* _Task statement_:
If a line in the listing below includes the string "Medal", pull it out.

* _Dataset extract_:
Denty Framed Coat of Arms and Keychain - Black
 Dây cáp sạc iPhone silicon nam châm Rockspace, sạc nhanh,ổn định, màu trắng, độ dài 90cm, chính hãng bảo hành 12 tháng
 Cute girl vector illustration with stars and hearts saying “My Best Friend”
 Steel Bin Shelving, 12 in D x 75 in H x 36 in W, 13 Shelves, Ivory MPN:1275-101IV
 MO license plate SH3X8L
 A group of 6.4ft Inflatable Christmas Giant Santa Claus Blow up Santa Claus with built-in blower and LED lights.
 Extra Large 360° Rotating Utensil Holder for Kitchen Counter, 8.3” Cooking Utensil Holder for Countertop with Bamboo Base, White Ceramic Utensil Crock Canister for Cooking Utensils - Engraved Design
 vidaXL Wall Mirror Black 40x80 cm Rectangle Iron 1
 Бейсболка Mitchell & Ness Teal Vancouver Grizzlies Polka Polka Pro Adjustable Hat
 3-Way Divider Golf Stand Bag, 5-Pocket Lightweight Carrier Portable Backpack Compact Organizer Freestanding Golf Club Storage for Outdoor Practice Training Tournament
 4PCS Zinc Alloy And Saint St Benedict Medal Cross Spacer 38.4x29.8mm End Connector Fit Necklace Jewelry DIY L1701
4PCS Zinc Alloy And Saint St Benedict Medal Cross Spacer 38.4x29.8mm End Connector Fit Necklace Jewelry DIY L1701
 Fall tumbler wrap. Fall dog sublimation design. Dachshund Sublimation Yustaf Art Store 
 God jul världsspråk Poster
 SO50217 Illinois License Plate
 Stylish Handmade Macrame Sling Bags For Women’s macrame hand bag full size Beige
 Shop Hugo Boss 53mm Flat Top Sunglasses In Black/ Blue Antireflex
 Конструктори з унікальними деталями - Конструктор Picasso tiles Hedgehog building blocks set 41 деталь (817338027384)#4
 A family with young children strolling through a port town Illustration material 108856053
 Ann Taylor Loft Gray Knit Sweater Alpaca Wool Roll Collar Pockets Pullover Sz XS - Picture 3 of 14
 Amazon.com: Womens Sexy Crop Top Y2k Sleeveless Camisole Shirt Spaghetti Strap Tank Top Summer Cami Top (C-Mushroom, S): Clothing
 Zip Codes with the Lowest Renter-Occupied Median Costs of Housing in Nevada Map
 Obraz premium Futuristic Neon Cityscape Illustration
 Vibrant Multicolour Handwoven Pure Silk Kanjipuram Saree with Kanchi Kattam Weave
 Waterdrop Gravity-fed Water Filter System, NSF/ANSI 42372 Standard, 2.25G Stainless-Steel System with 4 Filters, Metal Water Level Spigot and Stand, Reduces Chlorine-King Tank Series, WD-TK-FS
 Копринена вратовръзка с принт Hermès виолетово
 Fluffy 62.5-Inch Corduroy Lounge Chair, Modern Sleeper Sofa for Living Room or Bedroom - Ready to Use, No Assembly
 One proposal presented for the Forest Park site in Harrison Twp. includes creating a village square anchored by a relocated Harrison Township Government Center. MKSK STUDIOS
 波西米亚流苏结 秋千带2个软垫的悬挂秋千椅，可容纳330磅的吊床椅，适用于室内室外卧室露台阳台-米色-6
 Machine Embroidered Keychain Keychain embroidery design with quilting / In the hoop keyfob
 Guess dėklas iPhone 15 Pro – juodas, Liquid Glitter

* _Solution for this exercise_:
 4PCS Zinc Alloy And Saint St Benedict Medal Cross Spacer 38.4x29.8mm End Connector Fit Necklace Jewelry DIY L1701
4PCS Zinc Alloy And Saint St Benedict Medal Cross Spacer 38.4x29.8mm End Connector Fit Necklace Jewelry DIY L1701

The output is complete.